Every Thanksgiving and Christmas I like to make my own sauces, jams and marmalade’s because when its cold and rainy outside, I find cooking up those kinds of things in a warm kitchen very comforting.
Some are really quick and easy, like the sauces below and some take a little more time and patience, like marmalade which is a 2 day process! But when you are done you always can always jar it and enjoy it year round or serve it up with dinner that day! They are also great because you can change them up, for the cranberry sauce I added port and tangerine but you could use red wine, Grand Marnier even jalapeno for a spicy kick. It’s the same with the apple sauce, cinnamon is lovely with it or you could try ice wine or pineapple, I usually try a new combination each time.
Cranberry and Port Sauce:
- A 12oz packs of cranberries
- 1 cup of Brown Sugar
- 1 cup of Tangerine Juice
- 2 Tablespoons of port
Rinse your cranberries and remove any that look bad, then put them into a sauce pan with the sugar, tangerine juice and port. Bring to the boil, reduce and simmer for ten minutes or until the cranberries start to burst. Remove from the heat and either cover and chill in the fridge or jar them if you don’t want to use it straight away (make sure you use the correct canning method for this) the sauce will thicken as it cools.

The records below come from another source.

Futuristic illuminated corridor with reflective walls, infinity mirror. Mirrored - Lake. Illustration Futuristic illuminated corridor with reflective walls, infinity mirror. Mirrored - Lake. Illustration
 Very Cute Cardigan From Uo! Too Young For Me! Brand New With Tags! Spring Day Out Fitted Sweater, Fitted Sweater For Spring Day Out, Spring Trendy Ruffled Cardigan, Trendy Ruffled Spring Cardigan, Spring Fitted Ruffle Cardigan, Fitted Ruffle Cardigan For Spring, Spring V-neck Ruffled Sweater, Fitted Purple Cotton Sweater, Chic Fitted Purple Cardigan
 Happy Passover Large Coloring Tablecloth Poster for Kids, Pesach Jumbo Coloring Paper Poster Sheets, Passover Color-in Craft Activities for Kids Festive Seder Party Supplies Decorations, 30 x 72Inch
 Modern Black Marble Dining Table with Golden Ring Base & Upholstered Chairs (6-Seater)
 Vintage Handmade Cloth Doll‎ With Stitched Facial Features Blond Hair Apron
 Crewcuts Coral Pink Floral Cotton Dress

Chunky Apple and Vanilla Sauce:
- 1.5 lbs macintosh apples, peeled, cored and chopped
- Seeds of 1 vanilla pod
- 375ml of water
- 100 grams of brown sugar
- 1 teaspoon of lemon juice
Add all of the ingredients together in a pot and bring to the boil, stir, reduce and simmer for 15-20 minutes or until the apple is mostly sauce but still contains some apples chunks. Remove from the heat and either keep it like it is, which is how I like it or if you prefer your sauce smooth you can blitz it in the blender then either cover and refrigerate or Jar (Again please use a correct canning method for this).